Brick’s Jumbo Blackburn (63) leads Dan McCullough through a hole in the defensive line. (Photo courtesy Warren Charles Wolf)

  Wolf retired at the age of 81 in 2008 as the state’s career wins leader (361-122-11) after guiding the Green Dragons for 51 seasons as the first on-the-field coach in school history. He led his beloved teams to six NJSIAA sectional titles, eight unbeaten seasons, 42 winning campaigns and 31 divisional titles, including 25 in the Shore Conference. He coached the Lakewood Piners in 2010, taking the team to a 3-7 record and snapping the program’s Shore Conference record 33-game losing streak.

  Wolf’s son, 62, a retired Brick educator, played for his dad as a junior and senior at right offensive tackle. The 1976 Brick graduate was a junior member of the team that bested Camden in the South Jersey Group IV championship game at Atlantic City Convention Hall in the first playoff game in state history in 1974. Brick was 10-0. As a senior, Wolf played on a 9-1-1 team. He coached under his dad from 1982-2008.

  “I coached all of the offensive positions, depending on where I was needed,” he said. “Both playing for my dad and coaching under my dad were enjoyable. I obviously had to like coaching as I coached for as long as I did. Playing in the 1970s was a great, fun time because of the school spirit. Our athletic teams in all sports (Wolf also competed in golf and ice hockey) all had great players.”
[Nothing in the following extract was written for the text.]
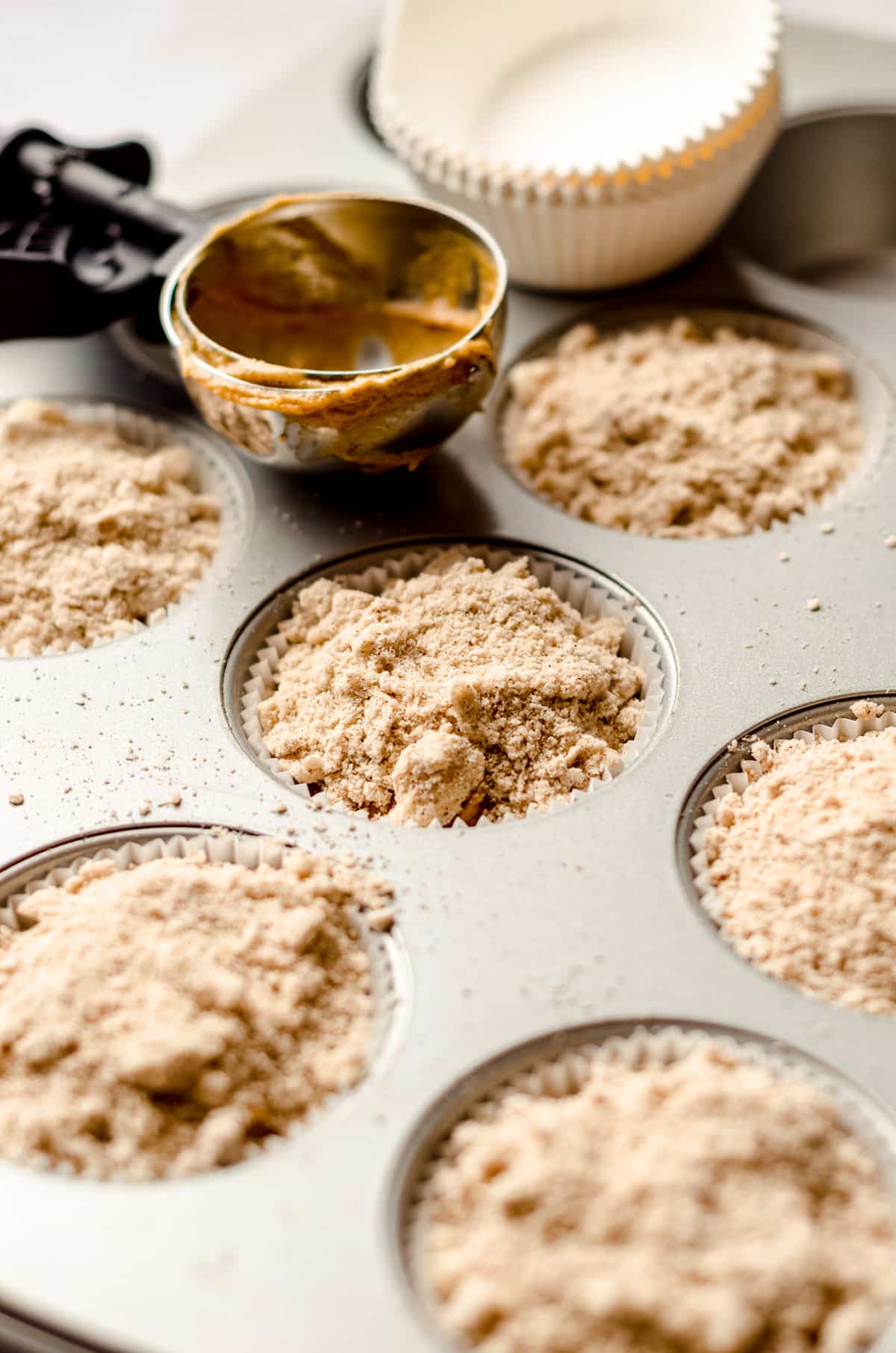 pumpkin streusel muffin batter in a muffin pan ready to bake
  Brick often dressed more than 100 players for varsity games during the 1970s when the town had one high school. The school was dubbed the University of Brick.

  Wolf’s wife, Peggy, died at the age of 87 soon after her husband. Wolf often referred to her as, “My dear wife, Peggy.”
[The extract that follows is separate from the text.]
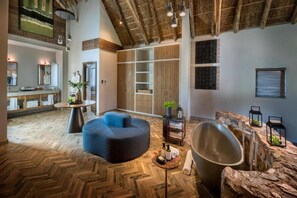 A spacious room with a herringbone wood floor, a large round seating area, a built-in wooden wardrobe, and a stone accent wall. - Babohi at Qwabi Private Game Reserve (Thabazimbi)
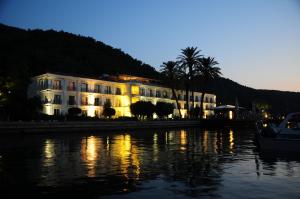 a large white building next to a body of water at Ece Saray Marina Resort in Fethiye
  Wolf served as the Deputy Superintendent of the Brick Township School District. He was a Brick Township mayor, a member of the Town Council, a New Jersey Assemblyman and an Ocean County Freeholder. He solicited Salvation Army Donations, ringing a bell in front of the ShopRite in Brick Township during the Christmas holiday. He was an elder in his church.

  Thousands of fans attended his funeral at Brick Township High School despite the building being closed because of the Thanksgiving holiday. At least one player from each decade of Wolf’s tenure as the Green Dragons’ coach wore his varsity jacket.

Archived Photo: Warren Wolf, the winningest football coach in Ocean County, if not New Jersey, reflects upon his career. (Photo by Chris Christopher)

  “I know I am blessed to have known my parents for as long as I did,” Wolf said. “Mom missed dad so much. That is why she passed on four weeks later. I know where they are and one day I will see them again. I hope my dad left a good legacy – one of people admiring him and emulating him and keeping his way of doing things alive.”